I was born, as I say, in 1921, but it was not until the early 1930s, when I was about ten, that I bean to understand what a peculiarly frustrated and disinherited world was about me. Perhaps my approach to realization was through the crayon portrait of Granpa Hodgins which hung, very solemnly, over the mantel.
Granpa Hodgins, after whom I was named, perhaps a little grandiloquently, Hodgins McCormick Backmaker, had been a veteran of the War of Southron Independence. Like so many young men he had put on a shapeless blue uniform in response to the call of the ill-advised and headstrong - or martyred - Mr. Lincoln. Depending on which of my lives' viewpoints you take.
Granpa lost an arm on the Great Retreat to Philadelphia after the fall of Washington to General Lee's victorious Army of Northern Virginia, so his war ended some six months before the capitulation at Reading and the acknowledgment of the independence of the Confederate States on July 4, 1864. One-armed and embittered, Granpa came home to Wappinger Falls and, like his fellow veterans, tried to remake his life in a different and increasingly hopeless world. (p. 1)
With the possible exception of World War II, the largest number of alt-histories centered around the events and personages of the American Civil War. What if Lincoln had not been as "headstrong," as many of his detractors had noted? What if Maryland and Missouri had voted to secede in 1861, cutting off Washington, D.C. and most of the Mississippi River from Union control at the war's outset? What if Buell had not arrived in time at Pittsburg Landing? What if "Stonewall" Jackson had not been shot? What if Lee's general orders had not been rolled up in tobacco and dropped, only to be discovered by Union forces before Antietam? What if the Confederate forces had occupied the Round Tops at the onset of the crucial Battle of Gettysburg?

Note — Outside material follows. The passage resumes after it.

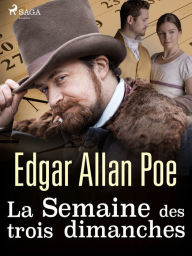 Title: La Semaine des trois dimanches, Author: Edgar Allan Poe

These are the sorts of questions that have haunted historians as well as citizens on both sides of the conflict. Although, as I said in my earlier review of Keith Roberts' Pavane, I have a professional wariness of alt-histories, sometimes these works, if they revolve around more than just a single person or event, can add something to our understanding of the historical event or era in question. Ward Moore's 1953 novel, Bring the Jubilee, deserves to be placed in this categorization of rewarding alt-histories. Its combination of events, trends, and awareness of social dynamics raises it above the level of a mere "what if?" hypothesis, as there are some disturbing elements explored in this work that certainly apply to American society of Ward's time and perhaps for our own as well.
Bring the Jubilee is written in a first-person, pseudo-autobiographical format. The narrator, the young Hodgins M. Backmaker, born in 1921, narrates life in the defeated Union almost a century after its defeat at the hands of the Confederacy. As a native Southerner who grew up hearing tales of the "Lost Cause," Moore's transference of the mixture of guilt, anger, and emotional depression from the gutted South to an imagined defeated North rings true. From the KKK analogue, the Grand Army, to the widespread, deep economic recession that wipes out all of the early proto-industrial developments in the North during the antebellum period, the Civil War, now known as the War of Southron Independence rather than the War of Failed Southern Independence, has come to hold the same level of bitter significance for the Yankees as the Civil War has had in the South in reality.
Moore also does a very good job extrapolating from the conditions he alters. From the horrid treatment of African Americans in the Union (comparisons are made in a few places in the text to the Jewish Pogroms of the early 20th century) to the anti-immigration initiatives to the Confederate conquest of Mexico in the late 1860s, these events feel all the more "real" because of how well Moore hints at the root social causes: scapegoats for the defeat, the need to appease the stronger powers around the shrunken Union, to the desire of the Confederacy to expand in order to preserve its polity and power.
As strong as Moore's social historical extrapolations might be, some readers may find his narrator to be almost too invisible in the background. Backmaker, as a historian, serves the narrative point of detailing the alt-history that has unfolded. He is a witness, not an active participant, for most of the novel. This narrative "invisibility," while it serves to accentuate Moore's imagining of how events could have unfolded differently, does make it more difficult later on in the novel when Backmaker becomes involved in a physics experiment in the 1950s that ends up with him playing a much more decisive role in the "Jubilee" than what had transpired for the first 80% or so of the novel. This shift in the narrator's importance to the overall story was a bit abrupt, but yet it does circle back to a part of the introductory chapter that I chose not to quote.
Bring the Jubilee's strengths far outweigh its negatives. Far from being a simple "what if?" alt-history, it is a well-considered, well-constructed argument for how social attitudes could change in the light of military defeat. His defeated United States feels very plausible and the related world events around this time fit comfortably with Moore's takes on people, their fears, their desires not to rock the socio-political boat, and so forth. Although the final two chapters may feel awkward in comparison to the first, Bring the Jubilee certainly is one of the finest alt-histories that I have read, one that is well suited to the "masterworks" label attached to its Gollancz edition.